Craftmasters -Spring 2020

by: Joshua H. Balling

photography by: Nicole Harnishfeger

It’s not the first place you’d expect to find a busy woodworking shop, this quiet dirt road a few hundred yards from the water in Shimmo.

But tucked back amid the scrub brush is a two-story building where power saws, routers and hand-tools fill just about every square inch of space. A thin layer of sawdust coats the concrete floor and the smell of freshly-cut wood permeates the air. A pair of surfboards is suspended from the rafters and natural light fills the room.

Beau Barber, left, and his brother Nate care for benches they made for Nantucket Cottage Hospital from trees on hospital property that were taken down to make way for new construction.

In the corner is a kitchen cabinet of rough-hewn barn board sourced from an Amish community in Pennsylvania. It’s destined for a sprawling summer house overlooking Nantucket Sound, where brothers Nate and Beau Barber have been working for over a year, installing their custom-made cabinetry and hewing massive beams that accent the soaring cathedral ceilings.

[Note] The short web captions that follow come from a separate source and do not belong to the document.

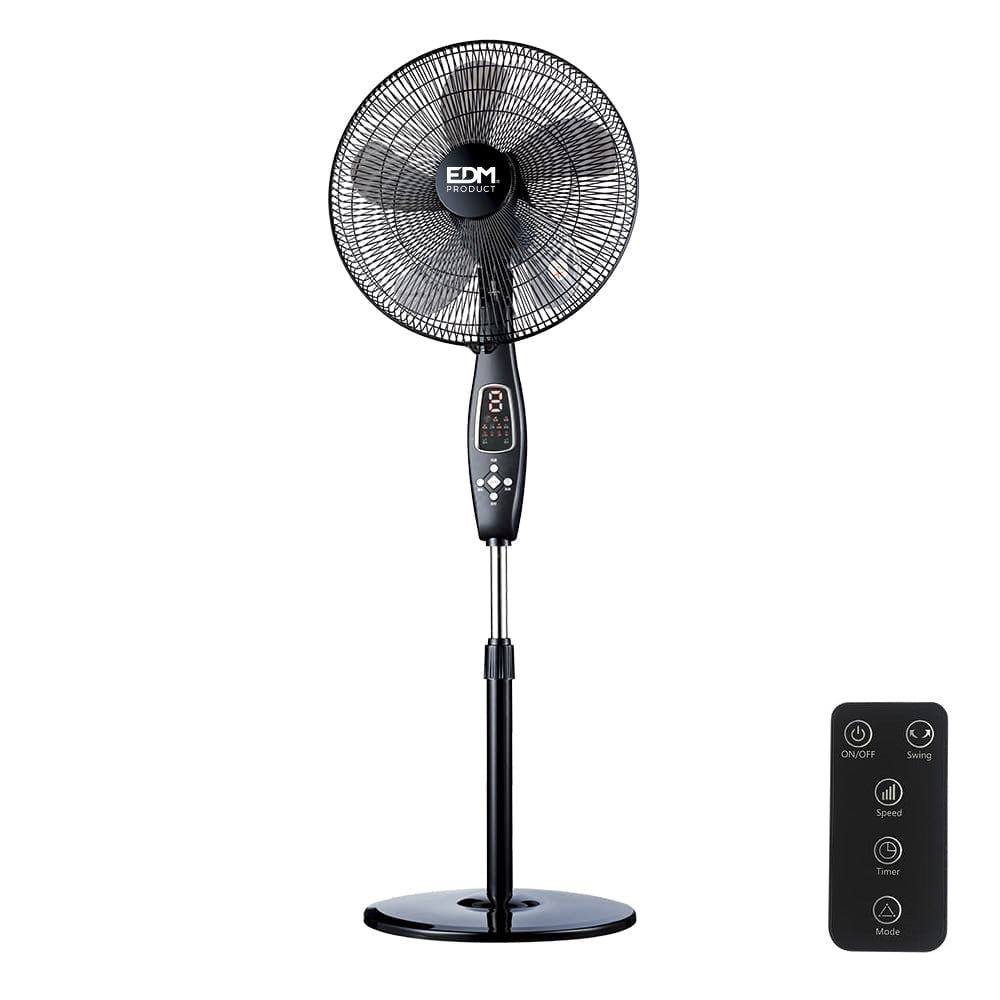 Ventilador de pie con mando negro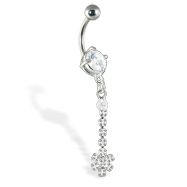 Navel ring with dangle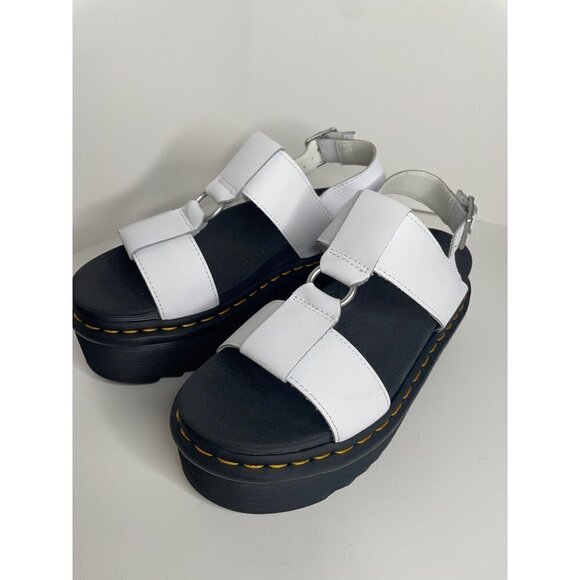 Doc Dr. Martens Francis WHite Leather Strap Platform Sandal EU 42 US 10 New - Picture 2 of 7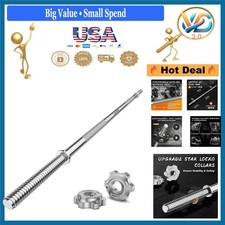 55 Inch Weight Lifting Barbell 1 Inch Standard Steel Olympic Bar Silver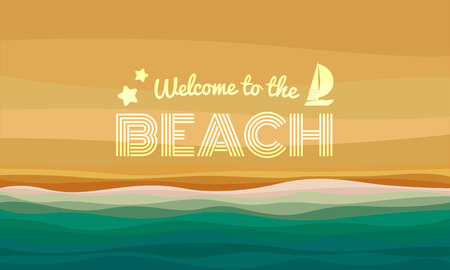 welcome to the beach text on Sand and water waves abstract background vector designのイラスト素材
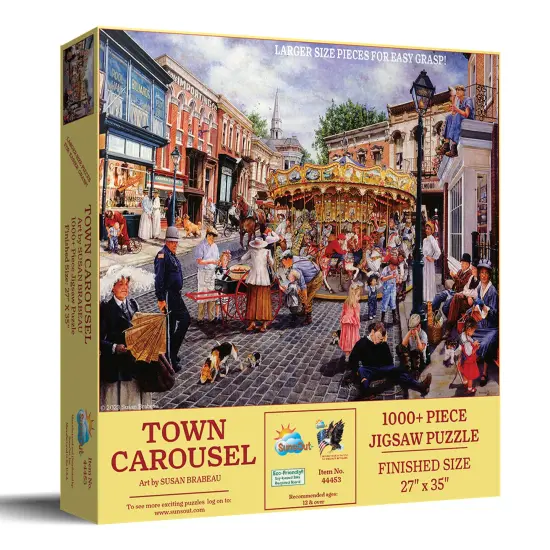 Sunsout Town Carousel 1000 pc Large Pieces Jigsaw Puzzle 44453 {3}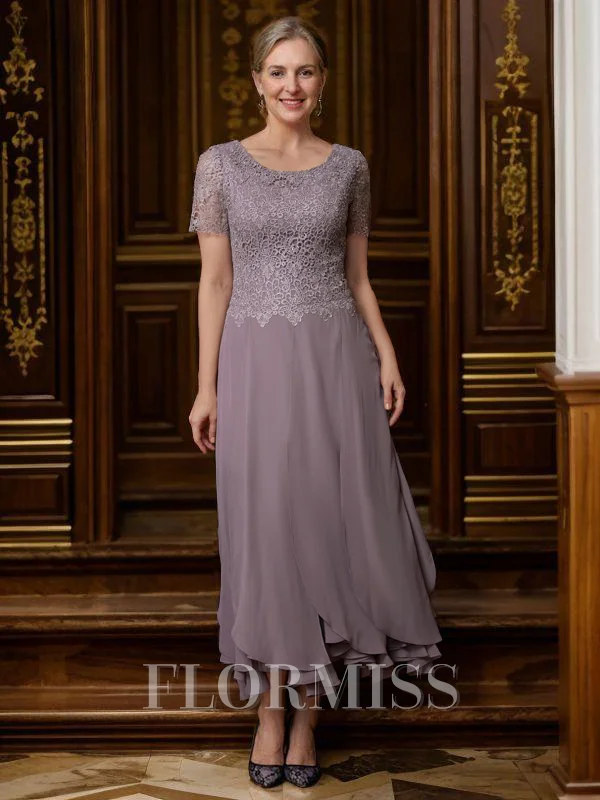 A-line kjole Scoop Ankel-Lengde Chiffong Brudens Mor Kjole med Blonder
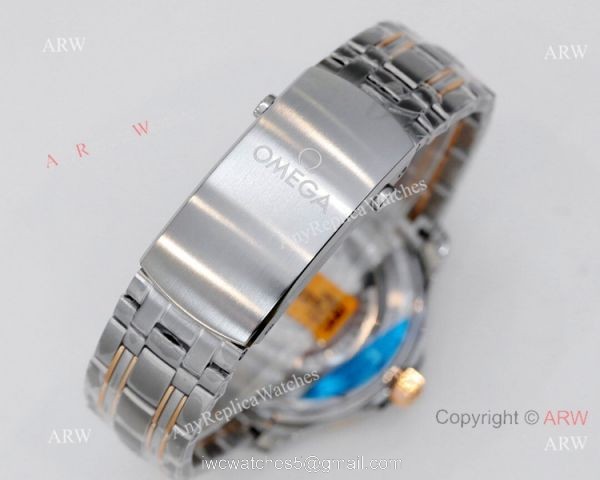 2021 Latest Swiss Replica Omega Seamaster Diver 300M OR 8800 Watch Two Tone Rose Gold Blue Dial
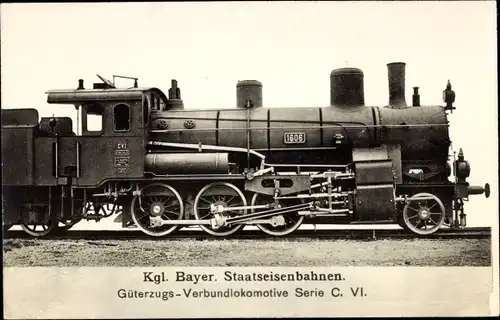 Foto Ak Deutsche Eisenbahn, KB Staatseisenbahn, Dampflok Nr. 1606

The brothers, who grew up helping out in their parents’ construction company, founded their own woodworking business more than a decade ago after graduating from college. Today, both businesses employ about 10 men in the shop and on the job site.

There is something about a hand-crafted piece of furniture, a timeless elegance and ingrained attention to detail that can only come from hours of work and years of practice, that sets it apart from the mass-production available online and in chain stores. This kind of workmanship is a dying art.